The great tracks on Hot Sauce hold up with all of the Beasties’ best stuff. But there are more… passable tracks too. Not bad, but ones that I can live without.
“Make Some Noise” is arguably the best song on Hot Sauce, with its dirty funky groove and the trio in high spirited top form.
It should also be noted that the music video for “Make Some Noise” is a masterpiece of the form, perfectly satirizing the Licensed to Ill era. And among the star packed music video cast, I came away being most impressed with Elijah Wood’s performance (I guess?) as Mike D.

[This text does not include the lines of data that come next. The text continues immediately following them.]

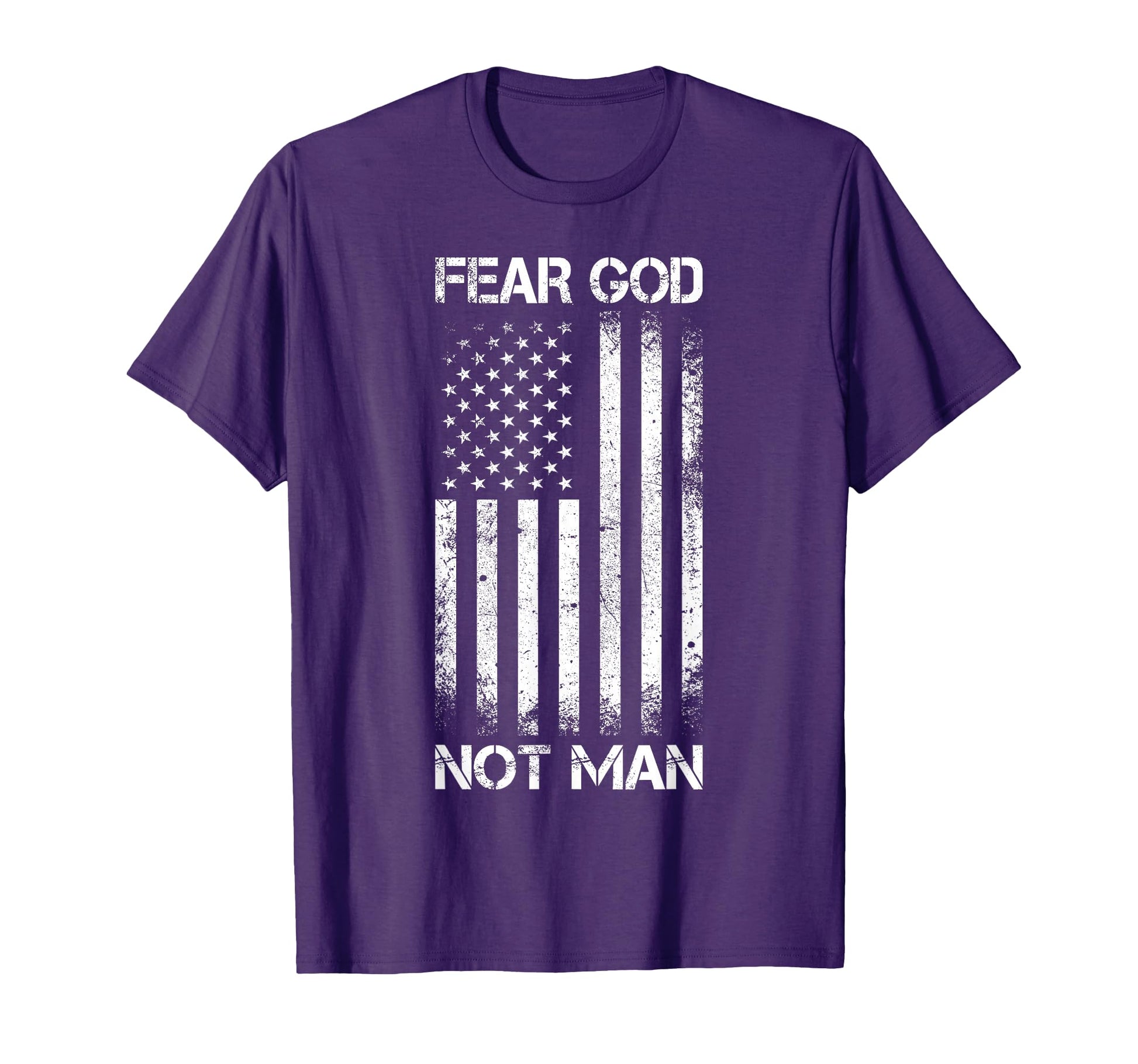 Fear God Not Usa Flag America Hoodie - Fun Novelty Design Men Women - T-Shirt, Sweatshirt, Hoodie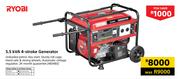 Ryobi 5.5kVA 4-Stroke Generator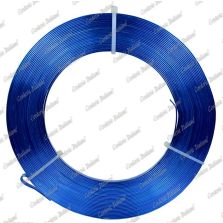 Filo alluminio piatto azzurro, 5 x 1 mm, 10 mt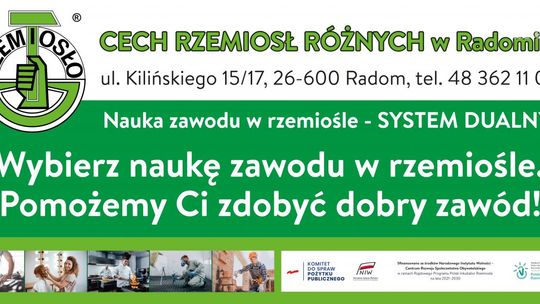 Cech Rzemiosł Różnych w Radomiu kształci przyszłych rzemieślników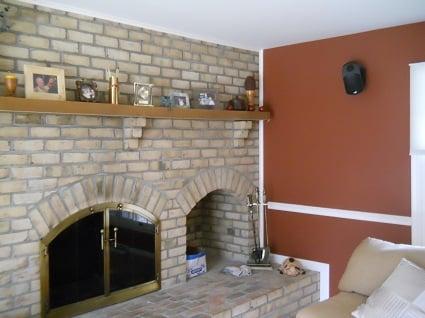 We have worked with this customer six times! In this project we added some color to their living room walls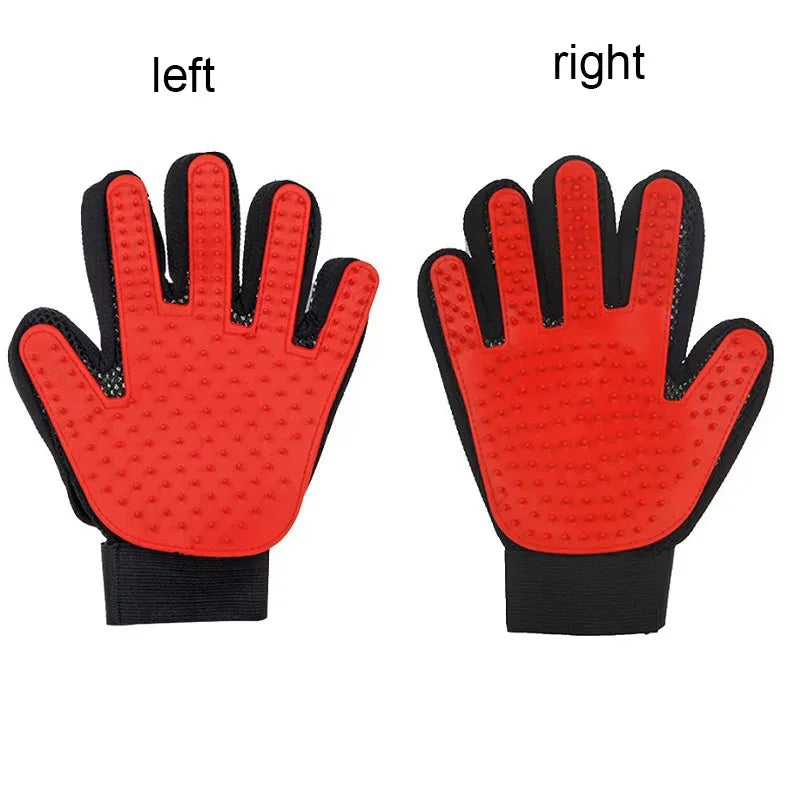 Pet Grooming & Deshedding Glove for Dogs and Cats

The Beasties’ collaboration with Santigold on “Don’t Play No Game That I Can’t Win” comes off really well, bringing a groovy, lounge-y, Latin music-flavored element to the mix.
“Ok” is back to basics, old school Beastie Boys rap styling and it knocks it out, with a nice electronic music flavor to keep things interesting.
Pop culture stuff that’s somehow related to Beastie Boys’ Hot Sauce Committee (Pt. 2)
The Beastie Boys Book is worth reading for all kind of reasons. It’s the story of the iconic hip hop trio, for starters, and it’s truly and often hilarious. It’s also a great story about growing up in New York City, and the wild mesh of music genres, styles, and cultures going on in the early 1980s. And more than anything it’s a love letter from the book’s authors, Beastie Boys alums Michael “Mike D” Diamond and Adam “Ad Rock” Horovitz, to Adam “MCA” Yauch, the Beastie Boy who passed away in 2012.
If any of this is interesting to you, I guarantee you will love the entire part about the making of Hot Sauce Committee (Pt. 2). I could not have been more impressed with the meticulous effort the guys made in creating their own samples for the album, for which they created wild (and, once again, hilarious!) fictional backstories for, part of which plays out on the album’s liner notes.